Evidentemente, como a história anterior mostra, a ontologia da falsificação musical difere em alguns aspectos relevantes da ontologia da falsificação de pinturas. Mas e depois? Não é surpreendente, uma vez que a ontologia das obras musicais difere da ontologia das pinturas em alguns aspectos relevantes, pelo menos segundo a maioria dos teorizadores. Contudo, a questão é que a ontologia das obras musicais não exclui a falsificação de obras musicais, como é habitual pensar; veja-se o exemplo da Partita para Flauta de Bach referido atrás. Só há um modo de descrever esse exemplo que capte as nossas intuições acerca do que sucedeu; tão-pouco se trata de um caso de “falsificação” num sentido estranho e rarefeito.

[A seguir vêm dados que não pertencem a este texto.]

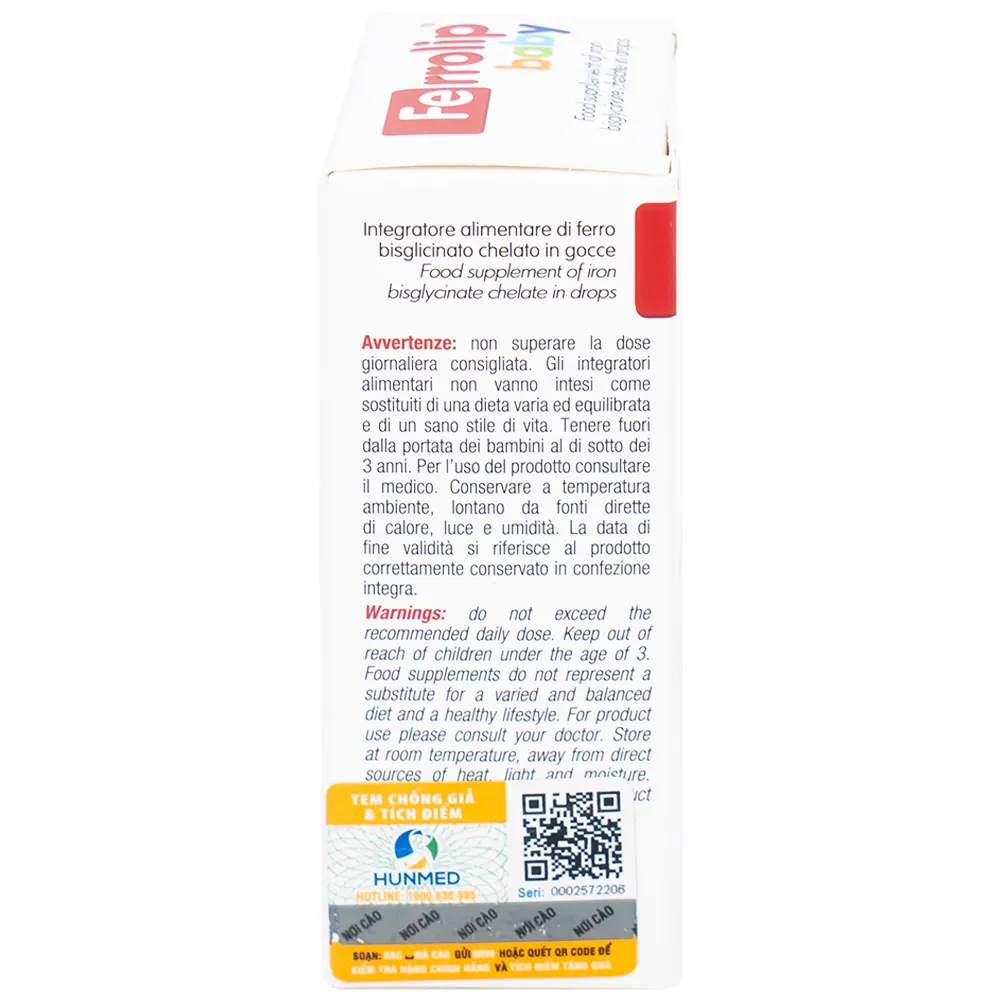 SIRO BỔ SUNG SẮT FERROLIP BABY INPHARMA SPA 30ML 11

A descrição é perfeitamente clara: uma obra musical, a Partita em Lá menor para Flauta Solo, de Bach, foi falsificada.

Concluindo, a falsificação musical, no sentido apropriado do termo, parece possível ontologicamente e na prática, e provavelmente não vale o esforço que custa.4

Peter Kivy
Journal of Aesthetics and Art Criticism, vol. 58, n.º 3 (Verão de 2000), pp. 233–235

Notas

  1. Nelson Goodman, Languages of Art, an Approach to a Theory of Symbols (Indianápolis: Bobbs-Merrill, 1968), pp. 112–122. [Linguagens da Arte: uma Abordagem a uma Teoria dos Símbolos, trad. V. Moura e D. Murcho, Gradiva, 2006.]
  2. Robert L. Marshall, The Music of Johann Sebastian Bach: The Sources, the Style, the Significance (Nova Iorque: Schirmer, 1989), p. 211.
  3. Jerrold Levinson, numa comunicação privada, sugere uma interpretação alternativa deste exemplo. Escreve: “Se acredita que está a inventar algo, e representa o resultado como algo diferente daquilo que acredita que é (ou seja, como uma invenção sua), então não vejo por que não seria uma falsificação, mesmo quando o resultado, por uma “coincidência improvável”, é um resultado “feliz”. Penso que isto é independente da sua preferência (aparentemente ainda robusta) por uma ontologia musical em que obras com a mesma estrutura sónica/tonal são necessariamente as mesmas obras”.
  4. Estou grato a Noël Carroll e a Jerrold Levinson por lerem uma versão anterior deste artigo, e pelas suas observações criticas úteis. Sou, como é óbvio, inteiramente responsável pelos erros que permaneçam.